If you don't want to broadcast an extra SSID all the time, proceed to the next step: setting up Wi-Fi station mode credentials and optional MQTT settings. MQTT will not work unless the device is in station mode, so enter the station mode configuration first. The station SSID is the name of your primary router, the current AP password is the one you set up just a few moments ago, and the station password is your main router's password. Once you have entered this information, click "Submit station configuration."

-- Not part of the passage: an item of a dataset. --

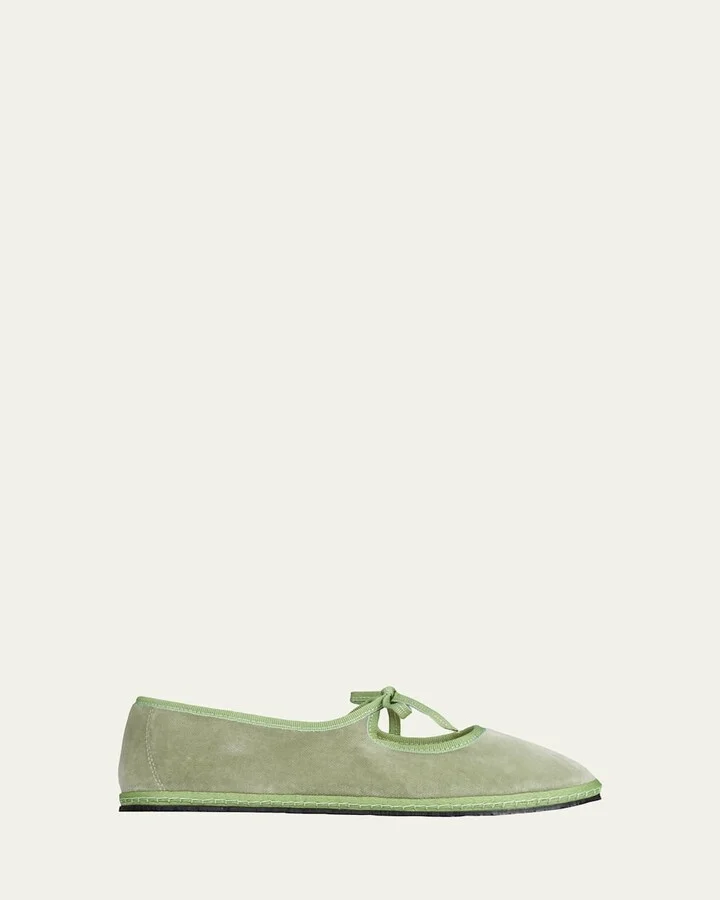 Brigitte Cotton Mary Jane Tie Flats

The next big option is whether or not to use the MQTT settings. As mentioned before, MQTT makes the device slightly less secure, as it will accept MQTT commands from a broker to press the power button while it is connected to your main Wi-Fi network. It will not accept power button commands over the web interface while connected to a Wi-Fi network as a client. If you can't or won't use MQTT, the remote starter device will sit on your Wi-Fi network by default. The "Change device mode" page will present the option to put the NodeMCU into AP mode. When this mode is selected, the device will reboot into AP mode, where you can connect to the AP using the device password and access all of the power button and configuration options. I wish it was simpler, but the difficulty of using SSL/TLS on a NodeMCU web server makes these extra steps necessary.

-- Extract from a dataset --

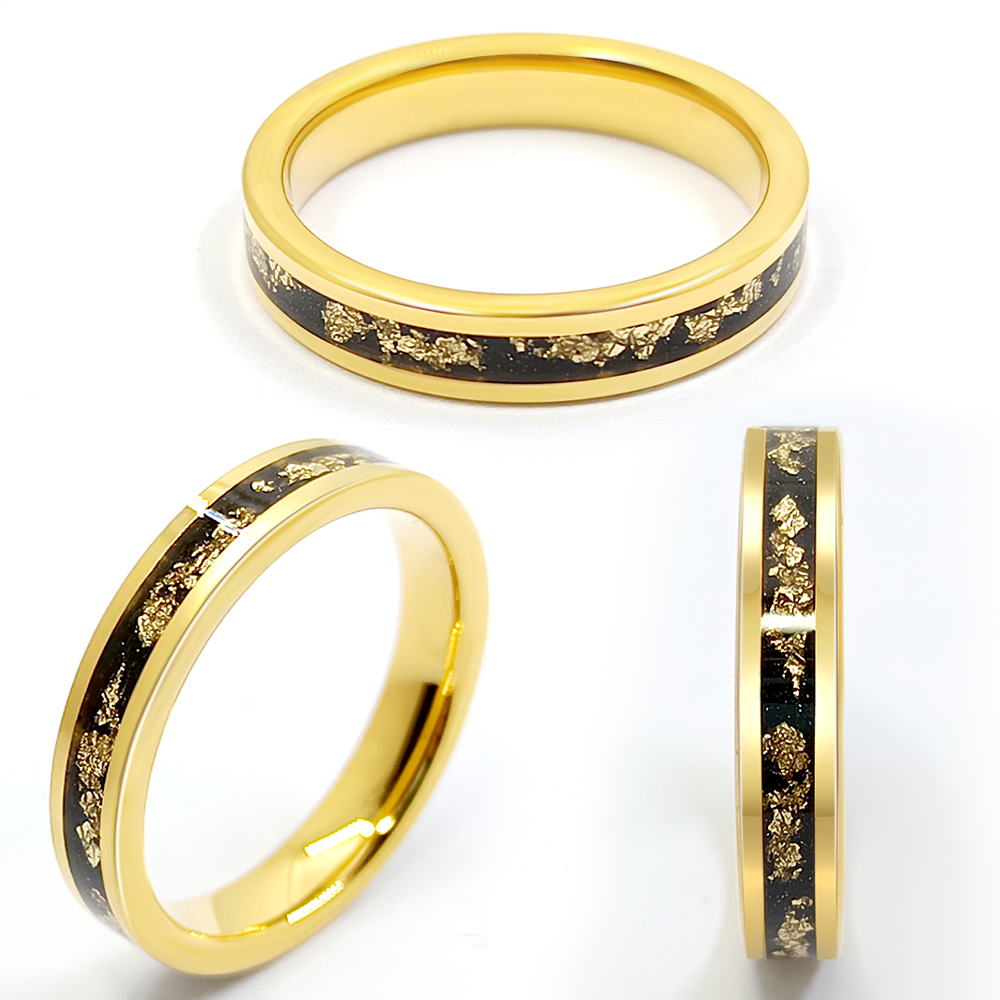 Truegold Gold Leaf and Black Sand Inlaid Tungsten Ring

You will need an MQTT broker to use the device's MQTT functions. The open-source Mosquitto MQTT client seems to work well, and it runs on pretty much anything, including Windows and Linux on most architectures. I would recommend that the MQTT broker runs on a computer with high availability and and that you not run the broker on the PC whose power you are attempting to control. I have a pair of always-on Linux machines in the basement, so each one runs Mosquitto and controls a NodeMCU device attached to the other machine, in a sort of Cold War mutually-assured-destruction kind of arrangement. I highly recommend the use of passwords and an MQTT access control list before rolling out one of these devices. Steve Cope has written a page with a simple introduction to setting up passwords and an ACL in Mosquitto.

If you decide to use MQTT with this PC remote starter contraption, you will need to enter the MQTT configuration details. Most of this work is largely self-explanatory, but the "MQTT Timeout" and "Reboot on MQTT fail" options probably require some clarification. The MQTT timeout is the number of consecutive failed MQTT connection attempts that are allowed before the device takes action; zero means infinite reconnects are allowed. I suggest using some value other than zero here, as failed MQTT reconnect attempts can make the web interface a bit laggy. If the "Reboot on MQTT fail" option is not selected, the device will simply stop trying to connect to the MQTT broker when this threshold is reached. If the same option is checked, it will reboot into a temporary AP mode when the number of consecutive failed attempts exceeds the MQTT timeout value. The device pauses five seconds between connection attempts, so a timeout value of 180 means about 15 minutes of repeated failed connection attempts before a reboot. In any case, if you enter MQTT configuration information, the device will not work very well if the MQTT broker is unavailable.

As for that temporary AP mode, two conditions will push the device into this mode. The first is the just-mentioned combination of the MQTT timeout and "Reboot on MQTT fail" options. The second condition is a failure to connect to the specified Wi-Fi network. If either of these conditions are encountered, the device boots into AP mode for one hour, then attempts to reconnect to the primary Wi-Fi network. If the device connects to the Wi-Fi network, the MQTT timeout counter starts from zero. The graceful handling of Wi-Fi network and MQTT broker failures took more time than anything else in this project, and I still don't feel great about this solution. I welcome comments or emails about this topic. I tried to copy the way that other devices like the Google Chromecast, which also lacks a display or input devices, handle these types of failures.